Thereafter, preview play for this re-recorded portion is performed. After the preview play, the correction acceptance screen for accepting correction for the re-recorded portion is displayed again. According to such operations, it is possible to re-record the designated portion until No is determined and audio data of the re-recorded portion is decided in the correction acceptance screen after the preview play.

On the other hand, after the preview play for the re-recorded portion, when No is determined in the correction acceptance screen for the re-recorded portion and the re-recorded audio data is decided, audio data of a portion corresponding to the designated portion in the original audio data is replaced with the audio data of the designated portion obtained by the re-recording to generate a new audio file.

According to the above explanation, in the range designation in this case, a range of text data is designated and a range of audio data is not directly designated.

However, as explained with reference to FIG. 2, in the editing apparatus 2, the CPU 5 attaches the audio time code to the recorded sound. Therefore, it is possible to specify, on the basis of the audio time code, a data portion corresponding thereto of the audio data from the text time codes of the portion of the range designated. Specifically, a range on a time axis is specified according to values of a text time code of a start character position in the portion of the range designated and a text time code of an end character position of the portion. In this way, it is possible to specify an audio data portion corresponding to the range designated in the text data.

After replacing the corresponding portion of the original audio data with the re-recorded audio data in this way to generate the new audio file, preview play is performed for entire audio data as this new audio file. In the preview play in this case, as in the above case, screen transition on the display unit 15 is the same as the screen transition shown in FIGS. 6 to 8.

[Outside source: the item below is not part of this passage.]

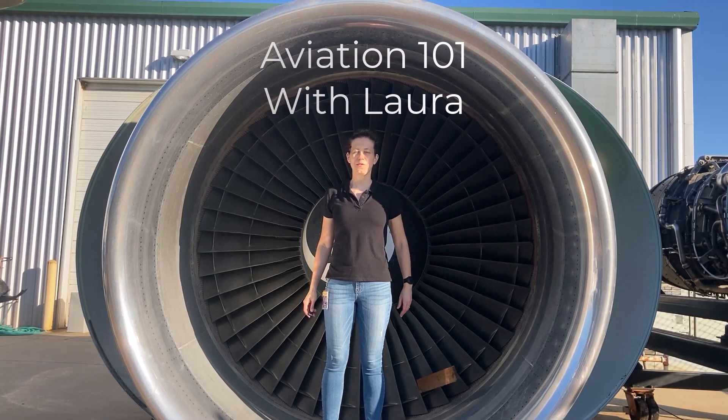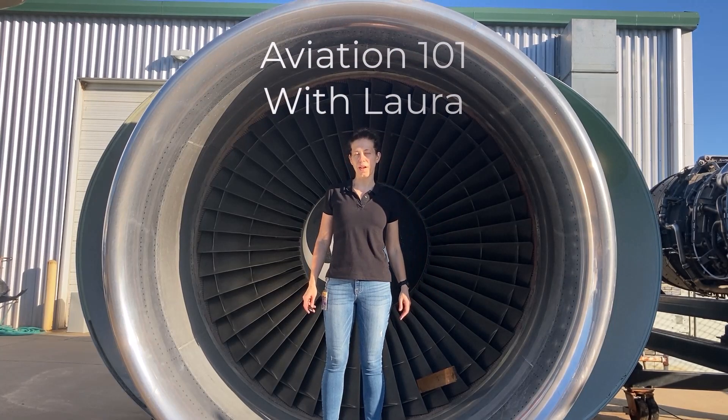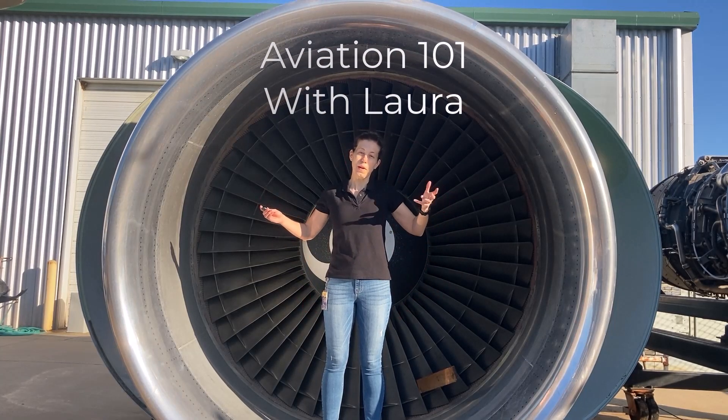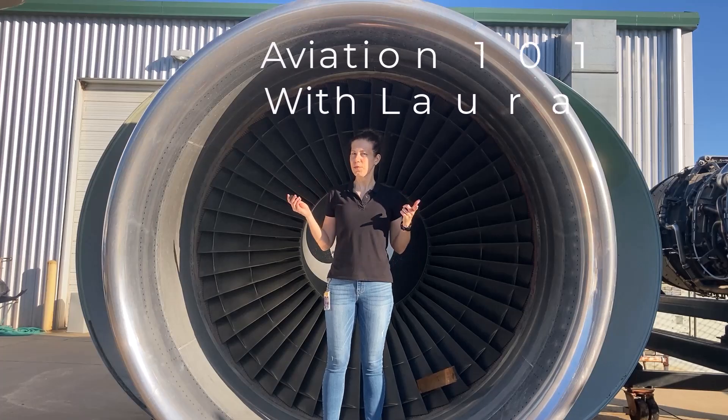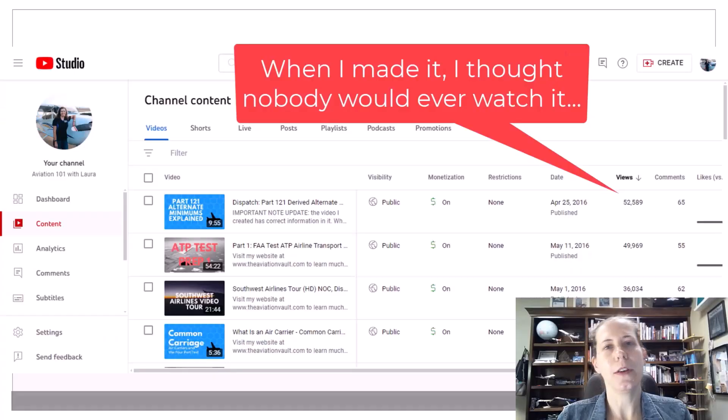Hello and welcome to Aviation 101 with Laura. What kinds of things am I going to teach you on this channel? Watch and find out.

Although not explained with reference to the drawings, the correction acceptance screen shown in FIG. 9A is displayed at timing after the preview play for the audio file generated by replacing the designated portion as well as timing after the preview play after the time axis compression/expansion processing is performed and after the preview play after the re-recording from the beginning to make it possible to accept correction again.

Consequently, it is possible to accept correction until No is determined in the correction acceptance screen and audio data after correction is decided.

Operations in combining separately photographed and edited videos with a sound obtained by the recording operation explained above to generate an AV file as news contents will be explained.

FIGS. 11A and 11B show examples of a sound/video combination screen that should be displayed on the display unit 15 in association with the time of combination of an audio video with the recorded sound.

First, when the user performs combination of a sound and a video, the user can cause the editing apparatus 2 to display the sound/video combining screen shown in FIG. 11A by operating a predetermined operation key of the operation unit 9.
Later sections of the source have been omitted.